Infinite Negative Utility

Apparently, I've got a theme going of Weird Syntax. Let's run with it.

Konrad Zuse was an early pioneer in computer science, although his name is perhaps somewhat less well-known than others. Zuse holds the honor of having built the first programmable computer—-the Z3—-back in the 40's, as well as several other computing firsts1. Of particular interest to this blog post is his early unimplemented programming language, Plankalkül.

Plankalkül was, like the Z3, in many respects ahead of its time. Zuse's explicit goal was to be able to describe programs at a high level, which meant he included control structures and datatype definitions2 and other high-level constructs that were often missing in languages of the early years of computing. Zuse was working on Plankalkül at a time when his machines were not useable, which meant that his language work was more theoretical than it was technical, and consequently he allowed features that he wasn't entirely sure how to program. Despite his notes on it having been written in the mid-40's, they were not published until the 70's, and it was not implemented until the year 2000.

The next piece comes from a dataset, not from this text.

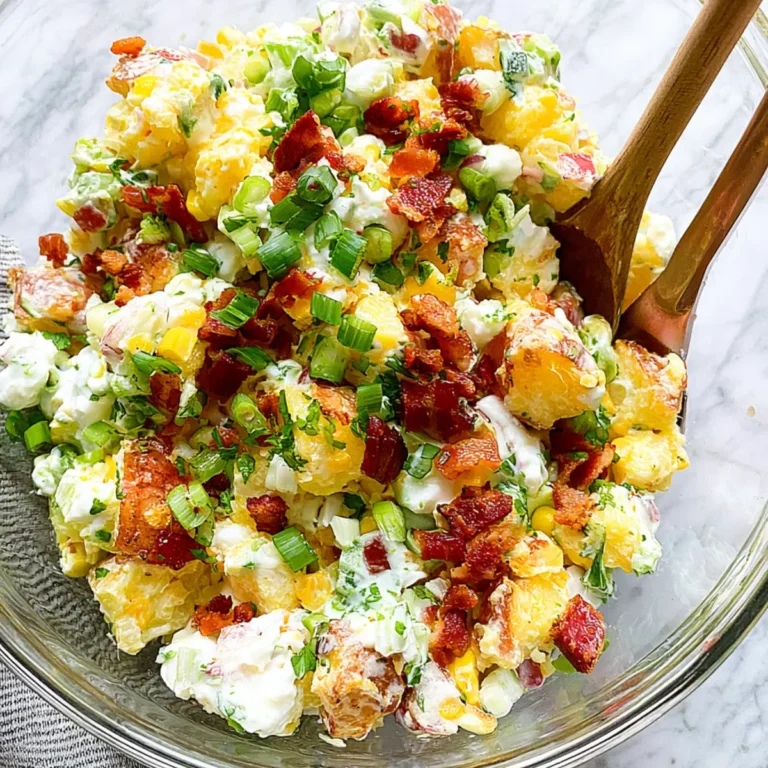 Ensalada de patata asada completa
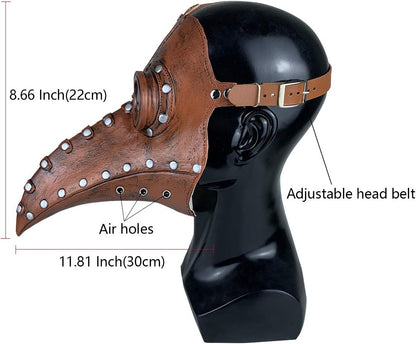 Unleash Your Inner Plague Doctor with This Epic Long-Nose Beak Mask! Perfect for Cosplay, Steampunk Vibes, and Halloween Fun! 🎭✨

One thing that struck me, as I read programs in this notation that had been set down on a typewriter3, is that certain kinds of grouping were handled by explicit indication of scope: not via matched delimiters as in ALGOL-style languages, or via indentation in languages such as Python and Haskell, but by formatting the code so that a line bordered on the left of the scoped parts of the code:

This is meant to capture the way grouping works in the hand-written or typeset notation, with brackets spanning multiple lines:

I think this is notationally interesting: it's like Python's significant whitespace, but not, uh, whitespace. It would be incredibly tedious to type out, but still entirely compatible with current programming notation:

class Tet
 | @staticmethod
 | def new_tet()
 |  | n = randint(0, len(Tet.Tets) - 1)
 |  | for p in Tet.Tets[n]
 |  |  | if p in Board.permanent
 |  |  |  | Game.lose()
 |  | Game.current = Tet(Tet.Tets[n], Tet.TetColors[n])
 |
 | def __init__(self, points, color)
 |  | self.points = points
 |  | self.color = color

and would be entirely amenable to beautifying via judicious application of Unicode:

class Tet
 ┃ @staticmethod
 ┃ def new_tet()
 ┃  ┃ n = randint(0, len(Tet.Tets) - 1)
 ┃  ┃ for p in Tet.Tets[n]
 ┃  ┃  ┃ if p in Board.permanent
 ┃  ┃  ┗  ┗ Game.lose()
 ┃  ┗ Game.current = Tet(Tet.Tets[n], Tet.TetColors[n])
 ┃
 ┃ def __init__(self, points, color)
 ┃  ┃ self.points = points
 ┃  ┗ self.color = color

Looking at this notation, however, an interesting possibility struck me: a programmer could explicit annotate information about the kind of scope involved in a given line. In this Python-like example, I could, for example, distinguish class scope using double lines, function scope with thick lines, and control structure scope with thin lines:

class Tet
 ║ @staticmethod
 ║ def new_tet()
 ║  ┃ n = randint(0, len(Tet.Tets) - 1)
 ║  ┃ for p in Tet.Tets[n]
 ║  ┃  │ if p in Board.permanent
 ║  ┃  └  └ Game.lose()
 ║  ┗ Game.current = Tet(Tet.Tets[n], Tet.TetColors[n])
 ║
 ║ def __init__(self, points, color)
 ║  ┃ self.points = points
 ║  ┗ self.color = color

One advantage of this scheme is that a handful of lines, viewed in isolation, still give you a clear view of what surrounds them. For example, I can view these two lines in isolation and still tell that they are within a control structure used within a function declared within a class:

 ║  ┃  │ if p in Board.permanent
 ║  ┃  └  └ Game.lose()

You could also imagine a hypothetical language in which choice of scope delimiter is important. In Python, for and if do not form a new lexical scope. What if instead we could stipulate the kind of scope they form by this notational convention?

def okay()
 ┃ if True
 ┃  └ n = 5   # n is declared in function scope
 ┗ return n   # n leaks out of the if-scope

def not_okay()
 ┃ if True
 ┃  ┗ n = 5   # n is declared in the if's scope
 ┗ return n   # error: no n in scope here

That being said, there are a number of reasons that this notation is in inferior to existing notations:

  • It makes refactoring code much more difficult.
  • It requires that the programmer pay attention to the sequence of enclosing scopes on a line-by-line basis, which is generally too pedantic and not particularly useful for a programmer.
  • The ability to select “which kind of scope” is by no means only expressible by this notation, as other syntactic features such as keywords and delimiters could express the same thing.
  • There are only so many line-like characters which can serve as a scope marker, so this scheme is not very extensible.
  • It complicates parsing (especially by introducing an entirely new class of parse errors in which adjacent lines feature incompatible sequences of delimiting lines), and so it also...
  • Complicates parse error messages, which are an important part of a language's UI and should be considered seriously.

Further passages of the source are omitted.